Die Führung durch die Ausstellung fing im so genannten "Filterraum" des Bunkers der tschechoslowakischen Befestigung an. Hier seien einst große Filter eingebaut worden, hieß es. Denn man habe, so der Experte, damit gerechnet, dass die Soldaten, die hier stationiert werden sollten, während der Kampfhandlungen auch durch Giftgase gefährdet werden. Die Filter waren Richard Sicha zufolge aber so riesig, dass sie damals den ganzen Raum ausfüllten. Anstelle der Filter findet man hier heute nur noch Vitrinen mit Ausstellungsgegenständen, schriftliche Dokumente und vor allem auch eine Einrichtung, die die Jahre der härtesten stalinistischen Unterdrückung vor den Augen wieder auferstehen lässt.
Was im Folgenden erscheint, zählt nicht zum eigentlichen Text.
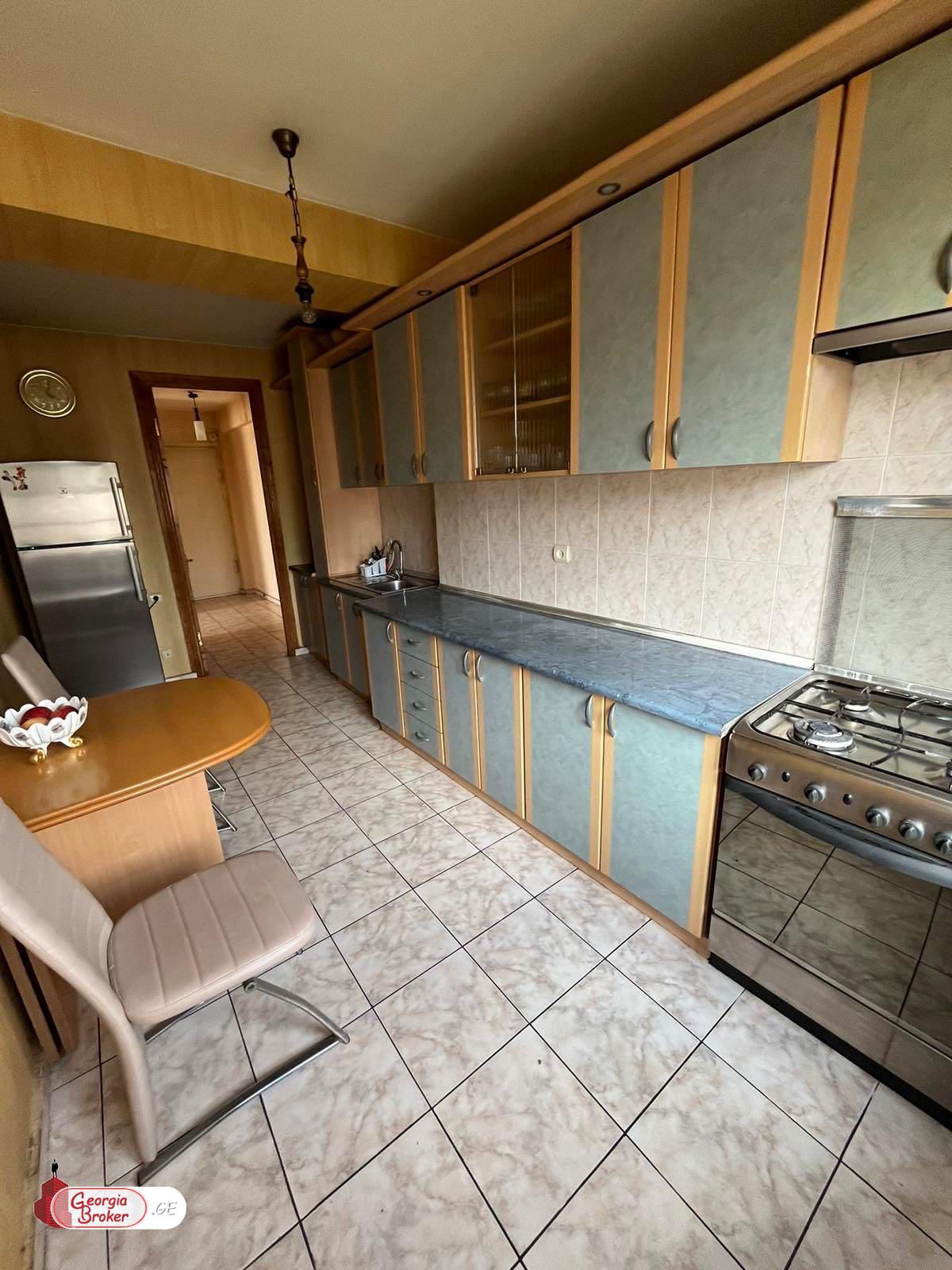 продается квартира с новым ремонтом 3-комнаты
Richard Sicha dazu:"Diese geschlossenen Räumlichkeiten erinnern an die Baracken, die es in den kommunistischen Konzentrationslagern gab. Aus dem Grund haben wir hier einen Untersuchungsraum des kommunistischen Geheimdienstes nachgebaut - so wie er in den fünfziger Jahren ausgesehen hatte. Außerdem schenkten wir die Aufmerksamkeit hier der Persönlichkeit von Miloslav Stedry, der unermüdlich gegen den Kommunismus gekämpft hat. Sein Schicksal brachte uns dazu, hier das Thema der Fluchtversuche über den Eisernen Vorhang zu dokumentieren."Versuche, den Eisernen Vorhang zu durchbrechen sowie Fluchtversuche aus den kommunistischen Gefängnissen sind hier an einigen Beispielen samt Fotodokumentation beschrieben. Außerdem kann der Besucher hier mehr über die konkreten Mittel erfahren, die der kommunistische Geheimdienst StB benutzt hatte. Dazu gehören Anlagen aus dem Bereich der operativen Technik - wie die verschiedensten Abhöreinrichtungen, aber vor allem auch Waffen, sagt Richard Sicha und macht auf einen der Gegenstände aufmerksam:
"Interessant ist diese Maschinenpistole. Sie wurde bei der Überwachung des Klosters wirklich benutzt. Um das Kloster herum, das als Internierungslager diente, wurde ein hoher Zaun gebaut. Es war unmöglich, näher an die Einrichtung zu kommen. Die im Lager eingesperrten Patres wurden von 22 Angehörigen der so genannten ´nationalen Sicherheitstruppen´ und auch einigen Mitgliedern des Geheimdienstes StB überwacht. Diese hatten damals eine ganze Rüstungskammer zur Verfügung, wie man in der Ausstellung sehen kann."Die ausgestellte Abhöranlage, deren Mikrofon in eine Wand montiert wurde, stammt aus den Sammlungen des Prager Polizeimuseums und sie wurde ´Boj 1´ - also Kampf 1 genannt. Die Einrichtung, die wie eine Ampel aussieht, war die Signalisierungsanlage. Bevor jemand versuchte, über die Grenze zu flüchten, musste er sich das gründlich überlegen, sagt Richard Sicha.
"Um en Eisernen Vorhang zu überwinden, musste man die Drähte durchschneiden und versuchen, in keine der vielen Fallen zu geraten. Wenn der Flüchtling die zur Signalisierungsanlage führende Litze nur leicht berührte, setzte er sie in Bewegung, und sie feuerte eine farbige Leuchtrakete ab. Anhand ihrer Farbe sollte der Grenzschutz erkennen, wo sich derjenige ungefähr befand. Die Drähte waren unter Strom. Wenn jemand unvorsichtig war und sie berührt hat, endete er so, wie der Mann, den man hier auf diesem grausamen Foto sehen kann. Die Grenzwache fand dann nur noch einen toten Menschen. Viel wichtiger war damals für den Grenzschutz jemand, den sie noch festnehmen konnten, denn den haben sie dann verhört, um jede Einzelheit des Fluchtversuchs zu analysieren und andere an der Flucht hindern zu können."Soweit Richard Sicha, der Leiter des Museums im Bunker in Kraliky und Initiator der aktuellen Ausstellung über die Verbrechen des Kommunismus. Die Führung durch die Ausstellung werden wir in der nächsten Ausgabe der Sendereihe "Reiseland Tschechien" fortsetzen. Die Ausstellung im Bunker K-S 14 in Kraliky kann man vorläufig bis Ende Juni 2007 an jedem Wochenende von 8 bis 17 Uhr besichtigen, falls es im Winter die Witterungsbedingungen erlauben.